If there is one thing that the privately owned airlines of Australia, lead by the Qantas group, the Virgin group, and REX would urge the Abbott government NOT to sell to a private owner it would have to be the air traffic control provider, AirServices Australia.

But it is on the list.

It may even have been fleetingly thought about at times by some in the Rudd, Gillard, Rudd again government, more out of desperation than a matter of committed ideological values that favour the retreat of Government from any activity that might attract a good price, and cease to be a state funded obligation.

For the purposes of this conversation, let’s focus not on the political divide over public and private ownership and responsibility for essential service providers, but the state of AirServices Australia, the nature of the asset and the consequences of a sale of something which exercises monopoly pricing over its product, which is keeping airliners a safe distance apart.

In FY 2013 AirServices separated (but at times not nearly as professionally as required)  over four million aircraft from each other, made an operating profit after tax of $63.1 million, paid the Commonwealth two dividends totalling $21 million, claimed an after tax return on average equity of 14.8%, spent $185.1 million on its capital expenditure program, and employed 4204 people, including many who appear to spend most of their time on parasitical power plays similar to those of North Korea minus for the time being firing squads.

Or so it appears, at times.

In terms of safety, AirServices Australia, figures prominently in Australian Transport Safety Bureau reports into numerous serious incidents in which a regular theme is incompetent and unprofessional actions by ATC officers who were incompletely trained, or possibly fatigued, or both.

The reports are usually ignored by the general media because they require journalism, rather than the receipt and redirection of public relations statements.
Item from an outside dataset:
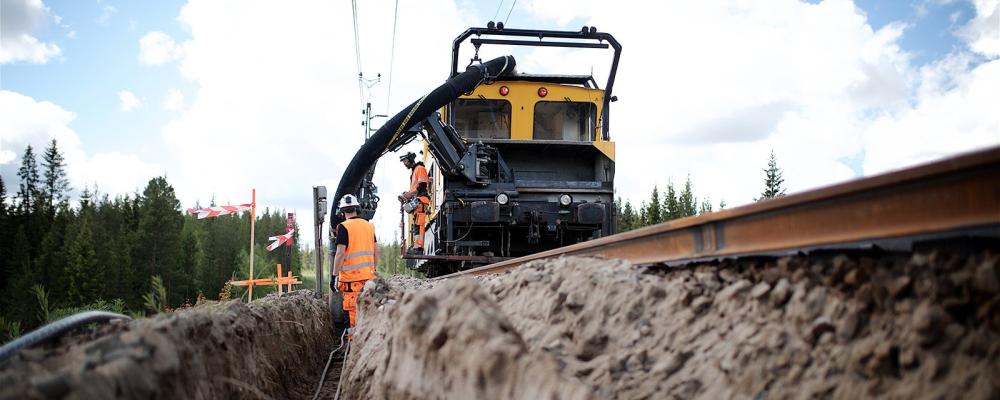 Rekordnivåer av järnvägsinvesteringar ses som en viktig möjlighet för framtiden, enligt vd Mattias Remahl. Foto: Railcare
In recent years AirServices Australia has lost track of  airliners, lied about losing track of airliners, improperly notified the ATSB of an incident, only to be forced to correct its notification, left inadequately trained staff on duty even after their being involved in serious incidents, allowed one aircraft to fly to its doom even after detecting that it was off course, and had instances where the intervention of line pilots was a factor in averting a serious incident because of hopelessly incompetent behaviour by a console operator.

It has been a disgrace, and that doesn’t include serious questions that have been raised by excessive credit card spending.

One might reasonably conclude that this all sounds like a very good case for selling it off to a ruthlessly efficient private owner, except that such an owner will have to invest a very significant sum to train staff and retain those who in recent years have left the organisation in droves for far better conditions, and professional respect, working for foreign ATC providers.

AirServices Australia is currently under new management. It has a very difficult task to keep appropriately skilled and recurrently trained staff in the numbers necessary to deliver its services to airlines. It has a legacy of stuff ups to fix, and there is no instant, overnight fix.

And even though it has a monopoly on providing its essential services, it may not have anything like the pricing power this might imply, because it wouldn’t take much by way of increased charges to destroy a very large number of already marginal rural routes flown by the likes of REX, Virgin Australia, Qantaslink, the defunct Brindabella Airlines, and a host of third tier regional carriers.

It would be fair to predict some tension within the coalition between National Party members and the transport minister and deputy PM, Warren Truss himself, and the Liberals with their total indifference to the bush, if not a thinly disguised desire to drive all those irritating rural bug smasher flights out of the way of their big flash intercity and international jets on the clogged runways of Sydney and Brisbane airports.

Selling AirServices Australia has DON’T GO THERE, written all over it.  But that alone is unlikely to stop the government going there.